I would like to be able to encode it similarly in the routes file for play so it does the query param based routing and as much of the validation of other parameters as possible.
What I have instead is one routing for all of these possibilities with plenty of optional parameters. The action processing it starts with a big pattern match to do dispatch and parameter validation.
Googling and checking SO just popped up plenty of samples where the params are encoded in the request path somehow, so multiple paths are routed to the same action, but I would like the opposite: one path routed to different actions.
One of my colleagues said we could have one "dispatcher" action that would just redirect based on the "action" parameter. It would be a bit more structured then the current solution, but it would not eliminate the long list of optional parameters which should be selectively passed to the next action, so I hope one knows an even better solution :-)
BTW the external system that calls my app is developed by another company and I have no influence on this design, so it's not an option to change the way how my app is triggered.
The single dispatcher action is probably the way to go, and you don't need to specify all of your optional parameters in the route. If action is always there then that's the only one you really need.
GET /someRoute controller.dispatcher(action: String)
Then in your action method you can access request.queryString to get any of the other optional parameters.
Note: I am NOT experienced Scala developer, so maybe presented snippets can be optimized... What's important for you they are valid and working.
So...
You don't need to declare every optional param in the routes file. It is great shortcut for type param's validation and best choice would be convince 'other company' to use API prepared by you... Anyway if you haven't such possibility you can also handle their requests as required.

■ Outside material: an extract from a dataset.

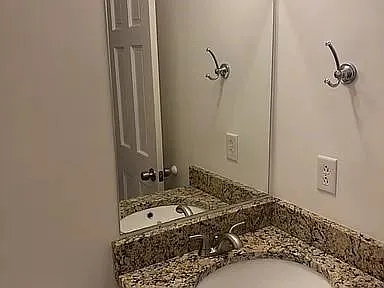 300 Winding River Dr #G — Photo 16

In general: the dispatcher approach seems to be right in this place, fortunately you don't need to declare all optional params in the routes and pass it between actions/methods as they can be fetched directly from request. In PHP it can be compared to $_GET['action'] and in Java version of Play 2 controller - DynamicForm class - form().bindFromRequest.get("action").
Let's say that you have a route:
GET /dispatcher controllers.Application.dispatcher
In that case your dispatcher action (and additional methods) can look like:
def dispatcher = Action { implicit request =>
request.queryString.get("action").flatMap(_.headOption).getOrElse("invalid") match {
case "sayHello" => sayHelloMethod
case "newUser" => newUserMethod
case _ => BadRequest("Action not allowed!")
}
}
// http://localhost:9000/dispatcher?action=sayHello&name=John
def sayHelloMethod(implicit request: RequestHeader) = {
val name = request.queryString.get("name").flatMap(_.headOption).getOrElse("")
Ok("Hello " + name )
}
// http://localhost:9000/dispatcher?action=newUser&name=John+Doe&address=john#doe.com
def newUserMethod(implicit request: RequestHeader) = {
val name = request.queryString.get("name").flatMap(_.headOption).getOrElse("")
val address = request.queryString.get("address").flatMap(_.headOption).getOrElse("")
Ok("We are creating new user " + name + " with address " + address)
}
Of course you will need to validate incoming types and values 'manually', especially when actions will be operating on the DataBase, anyway biggest part of your problem you have resolved now.